The subcellular localization of NOX4 in vascular cells is more complex than other NOX isoforms. In lung ECs, expression of native NOX4 is predominantly localized to the nucleus as compared to endoplasmic reticulum, mitochondria or plasma membrane [117]. NOX4 has a cis-acting ARE sequence, which is regulated by Nrf2 under stress conditions (i.e., hyperoxia), and, thus, the catalyzed H2O2 signal is part of a cellular adaptation response to oxidative stress. For that, nuclear localization of NOX4 is important and its expression can be regulated. The Km of NOX4 for oxygen has been described to be unusually high. This together with non-inducible production of H2O2 could mean that it responds directly and acutely to oxygen tension with output of the signal molecule (H2O2), rather than responding to external signals via intermediate signaling mechanisms such as phosphorylation of regulatory subunits or changes in cellular calcium levels. Thus NOX4 signaling may participate in both acute mechanisms and slower ones involving induction of NOX4 expression [118]. As mentioned previously, enhanced glycolytic metabolism of PH arterial cells is similar in certain ways to cancer metabolism. Cancer cells with compromised mitochondrial function due to p53 loss showed increased NOX4 activity and enhanced sensitivity to NOX4 inhibition. Activation of NOX4 in that case was suggested to provide additional NAD+ to support the highly active glycolysis [119] in addition to regulation of several signaling pathways (JAK-STAT, protein kinase C, MAPK, AKT, and inflammatory mediators via the NF-κB pathways etc.). TGF-β was described to be involved in pathophysiological vascular remodeling in PH and interestingly, to increase NOX4 protein levels [120]. Protein kinases C, angiotensin II, and cyclic adenosine monophosphate are other stimuli that modulate NOX4 expression.
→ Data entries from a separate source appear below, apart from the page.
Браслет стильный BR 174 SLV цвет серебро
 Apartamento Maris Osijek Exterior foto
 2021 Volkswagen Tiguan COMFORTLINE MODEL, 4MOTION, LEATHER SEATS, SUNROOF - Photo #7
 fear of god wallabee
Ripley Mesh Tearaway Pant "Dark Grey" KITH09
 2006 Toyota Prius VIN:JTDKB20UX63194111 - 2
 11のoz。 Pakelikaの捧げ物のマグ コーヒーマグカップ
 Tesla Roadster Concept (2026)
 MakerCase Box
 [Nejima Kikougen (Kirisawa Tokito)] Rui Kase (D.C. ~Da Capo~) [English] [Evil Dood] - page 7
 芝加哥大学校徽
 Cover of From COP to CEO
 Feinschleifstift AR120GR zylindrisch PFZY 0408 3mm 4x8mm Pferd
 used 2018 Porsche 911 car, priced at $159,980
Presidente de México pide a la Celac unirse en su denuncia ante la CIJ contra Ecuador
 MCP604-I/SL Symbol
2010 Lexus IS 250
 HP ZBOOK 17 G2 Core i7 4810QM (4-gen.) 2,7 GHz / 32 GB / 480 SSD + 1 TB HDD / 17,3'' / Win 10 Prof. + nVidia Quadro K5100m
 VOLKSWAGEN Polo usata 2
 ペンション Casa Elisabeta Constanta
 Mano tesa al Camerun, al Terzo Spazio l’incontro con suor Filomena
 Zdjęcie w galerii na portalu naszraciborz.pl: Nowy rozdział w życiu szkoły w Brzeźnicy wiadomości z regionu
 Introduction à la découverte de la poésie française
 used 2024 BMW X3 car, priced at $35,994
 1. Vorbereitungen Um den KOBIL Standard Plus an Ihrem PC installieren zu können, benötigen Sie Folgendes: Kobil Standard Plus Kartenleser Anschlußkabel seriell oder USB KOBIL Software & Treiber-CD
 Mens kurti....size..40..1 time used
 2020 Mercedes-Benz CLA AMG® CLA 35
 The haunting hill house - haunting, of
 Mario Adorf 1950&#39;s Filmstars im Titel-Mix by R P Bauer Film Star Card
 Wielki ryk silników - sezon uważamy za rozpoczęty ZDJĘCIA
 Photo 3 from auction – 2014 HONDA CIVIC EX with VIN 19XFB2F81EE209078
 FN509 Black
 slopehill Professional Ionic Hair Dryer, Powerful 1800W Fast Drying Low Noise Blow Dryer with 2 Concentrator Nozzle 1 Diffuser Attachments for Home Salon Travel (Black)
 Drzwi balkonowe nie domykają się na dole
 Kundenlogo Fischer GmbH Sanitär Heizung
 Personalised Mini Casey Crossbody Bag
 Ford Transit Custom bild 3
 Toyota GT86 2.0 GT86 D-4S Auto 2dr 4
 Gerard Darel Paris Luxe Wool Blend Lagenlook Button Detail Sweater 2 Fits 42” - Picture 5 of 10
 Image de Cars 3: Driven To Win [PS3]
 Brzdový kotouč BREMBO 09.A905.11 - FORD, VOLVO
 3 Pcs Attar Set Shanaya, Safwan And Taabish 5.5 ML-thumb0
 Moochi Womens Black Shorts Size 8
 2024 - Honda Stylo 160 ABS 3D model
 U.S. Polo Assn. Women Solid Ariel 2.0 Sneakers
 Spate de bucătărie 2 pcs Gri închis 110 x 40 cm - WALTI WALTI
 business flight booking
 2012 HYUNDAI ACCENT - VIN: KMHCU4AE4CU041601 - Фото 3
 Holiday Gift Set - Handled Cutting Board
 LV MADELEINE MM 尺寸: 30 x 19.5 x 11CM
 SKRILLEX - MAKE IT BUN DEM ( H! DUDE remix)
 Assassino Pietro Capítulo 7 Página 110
Another isoform found in PH cells, NOX2 , was originally found to be highly expressed in phagocytes. In mice, NOX2 deletion reverses hypoxia induced PH [121]. However, how NOX2 contributes to PH is not fully understood. It might regulate inflammation as a part of vessel remodeling.
Thus, NOXs are important sources of ROS production in PH pathology; however, the activity of individual isoforms present, their regulation and signaling properties need to be better determined in relation to PH development [16].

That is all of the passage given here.